Todos cambiamos el paisaje que nos rodea. Desde que lo miramos ya lo estamos inventando de otra manera diferente, pero también cuando movemos una pequeña piedra o dejamos nuestras huellas en un camino polvoriento.


El paisaje ya estaba antes de que llegáramos, y ya era bello porque es siempre bello lo que la naturaleza crea siguiendo sus ciclos milenarios. Cuando talas un árbol dejas un hueco de ausencia en medio de la nada, y si matas un pájaro estás cercenando esa armonía que se viene repitiendo desde mucho antes de que llegáramos los humanos a poblar el planeta.


Hay personas que sí son capaces de embellecer aún más lo que ya era hermoso, y una de ellas era César Manrique, quizás porque su esencia era pura naturaleza, como esa arena de la caleta de Famara que siempre recordaba cuando le preguntaban por la infancia y los juegos. César jugó toda su vida a volver más bello lo que le rodeaba. 


A veces imagino cómo serían estas islas si se multiplicaran los César Manrique por todas partes; pero estas islas, en lugar de artistas y de defensores del medio ambiente, vio multiplicarse la especulación, el ladrillo y la corrupción urbanística, y ahora, al paso de los años, vemos que ya hay paisajes perdidos para siempre, incluso allí donde Manrique demostró que se podía construir integrando la arquitectura con los colores y las formas de la tierra. Siempre he admirado profundamente a César Manrique, y siempre es una de mis referencias cuando me preguntan sobre el paisaje y el desarrollo turístico de Canarias. 


Si seguimos su estela aún tendremos futuro, sobre todo en las islas y en los espacios a los que no llegó esa locura constructora que alicataba las montañas y sembraba el hormigón en cualquier parte como quien extiende una lava que no se parece nada a la lava que luego se vuelve malpaís, roca negra de la playa, arena o tubo volcánico por el que a veces uno tiene la impresión de que puede llegar al otro lado de la existencia.


Los aniversarios sirven para retomar ideas y para rescatar del olvido a quienes trataron de dejar un mundo mucho mejor que el que encontraron. César salió de las islas, recorrió el mundo, aprendió, buscó en todos los caminos del arte, y un día, después de engrandecer su pensamiento y su perspectiva viajando y creando donde estaba el centro del arte, se dio cuenta de que era la materia de su propia isla la que mejor se ajustaba a sus sueños. 

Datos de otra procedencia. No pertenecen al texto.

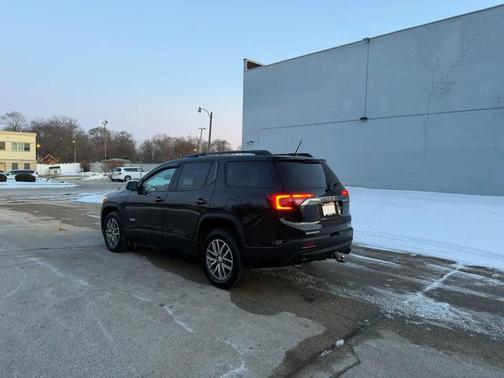 2017 GMC Acadia SLE-2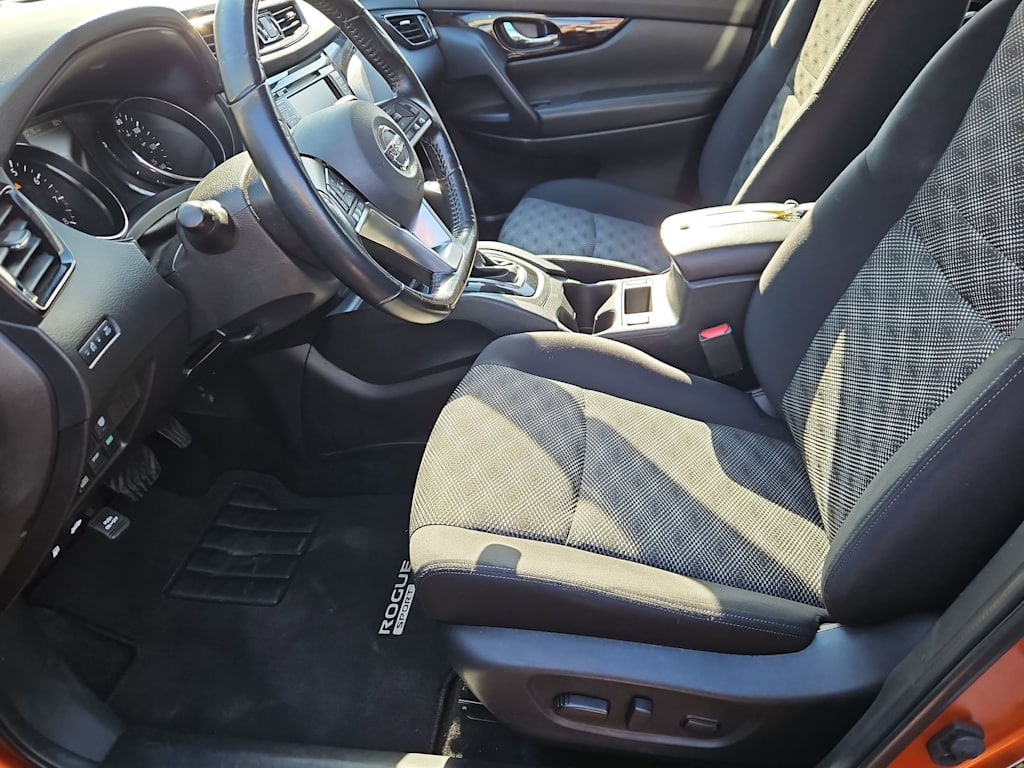Thumbnail: 2022 Nissan Rogue Sport - 11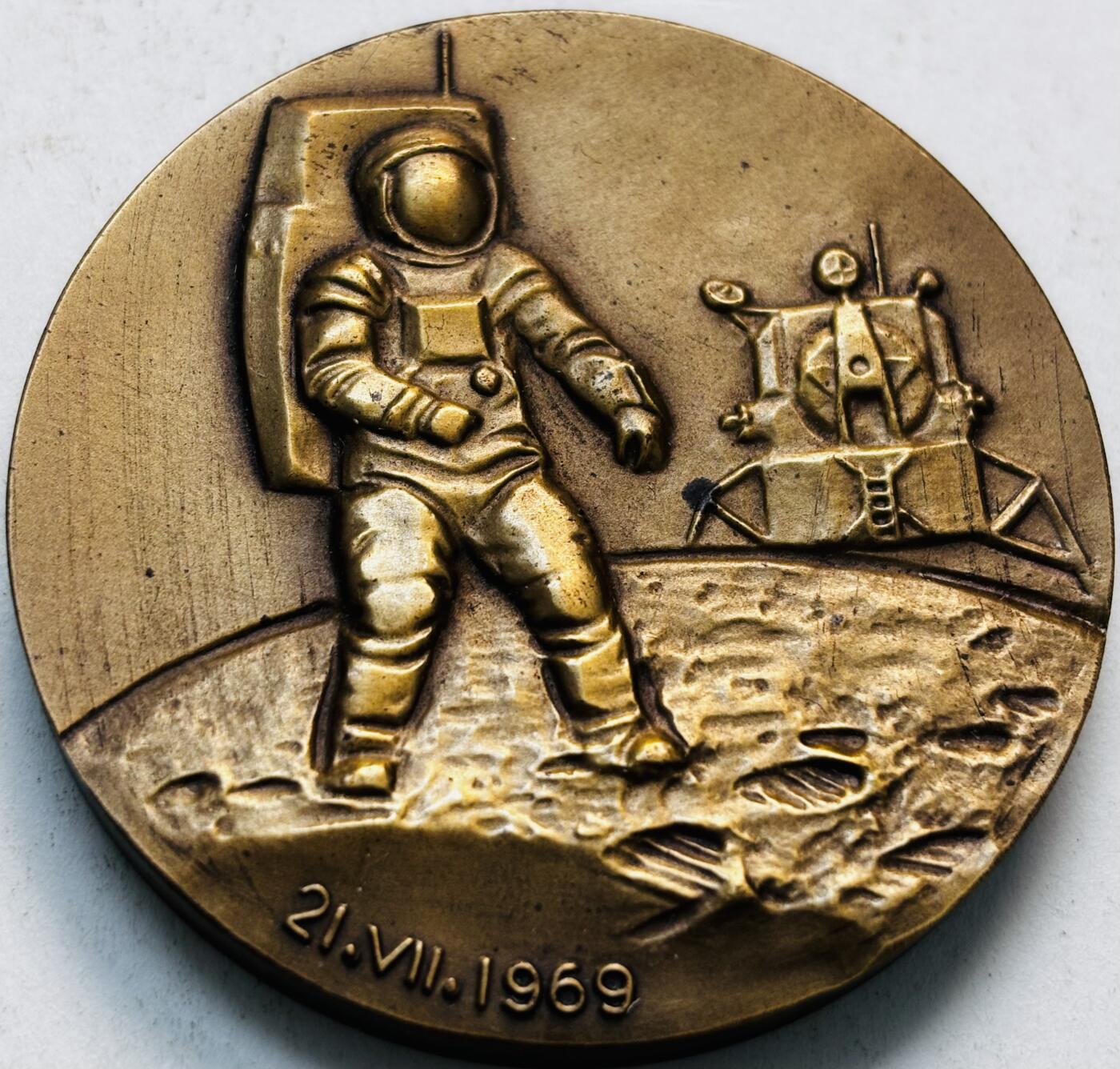 文馨钱币收藏第 279 场，银币，纪念铜章场 长期接收代拍品 1969 年美国航天登月宇航员阿姆斯特朗纪念章，直径 50.1×5.8 重 85.5 克
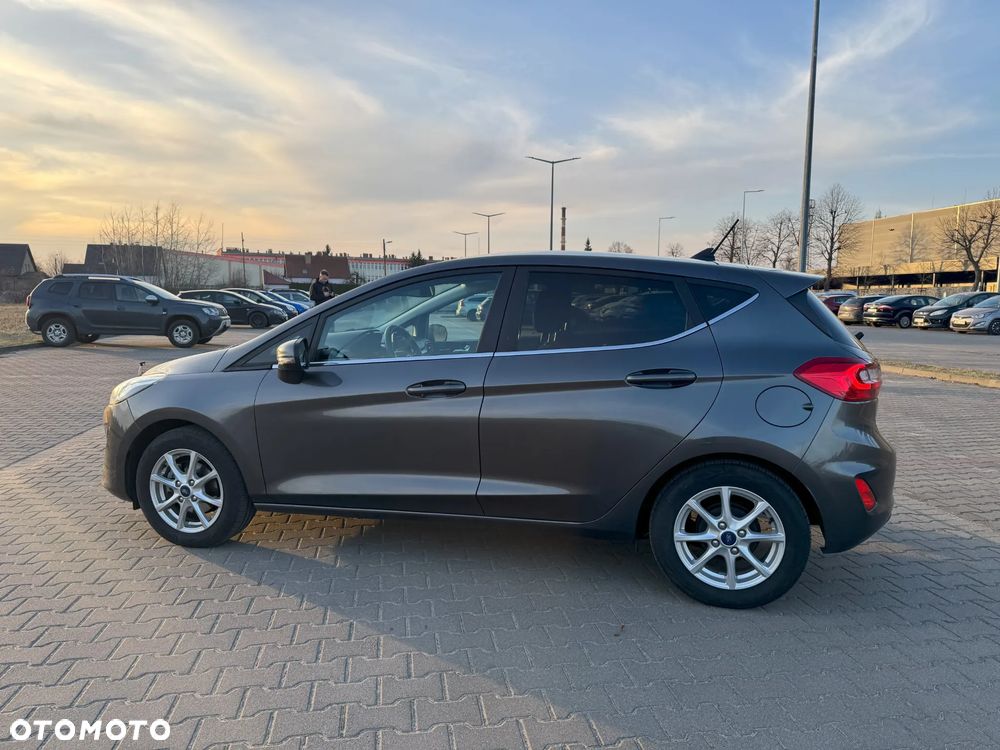 Ford Fiesta - 10
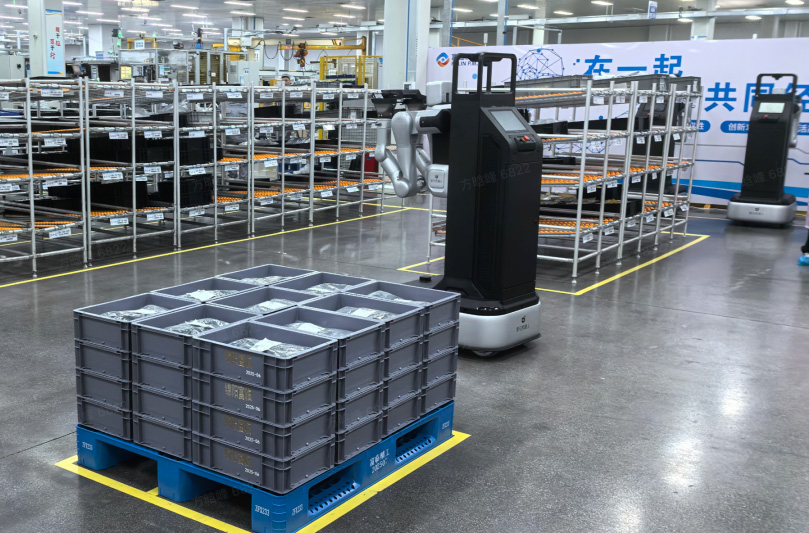 long8龙-便携安全质量高 美的折叠水壶成为旅行神器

Y nosotros, después de tantos años sin escucharle y sin verle, queremos agradecerle su clarividencia, su compromiso con el paisaje y esa estética que reinventó una isla que no se creía tan bella hasta que él llegó y nos enseñó el alma de la lava y toda la energía que llevaba dentro. Así son las islas si aprendemos a mirarlas con los ojos de César Manrique, y ese debería de ser nuestro gran homenaje a un artista que cambió nuestra manera de concebir la naturaleza. 


Siempre que voy a Lanzarote intento acercarme a su tumba en el cementerio de Haría. Esa tumba la diseñó él mismo y es el único enterramiento que conozco que no transmite tristeza, ni tampoco el fracaso de la vida. Una piedra sencilla, un cactus, una palmera y el negro picón que resalta ante el azul del cielo y el blanco de los muros y de las casas. 


Todo lo que allí dejó parece que sigue vivo. Y así debería ser. Escuchemos siempre su voz entre el estruendo de las olas de Famara. Ya todo lo dijo. Somos nosotros los que hemos traicionado su espíritu y su enseñanza.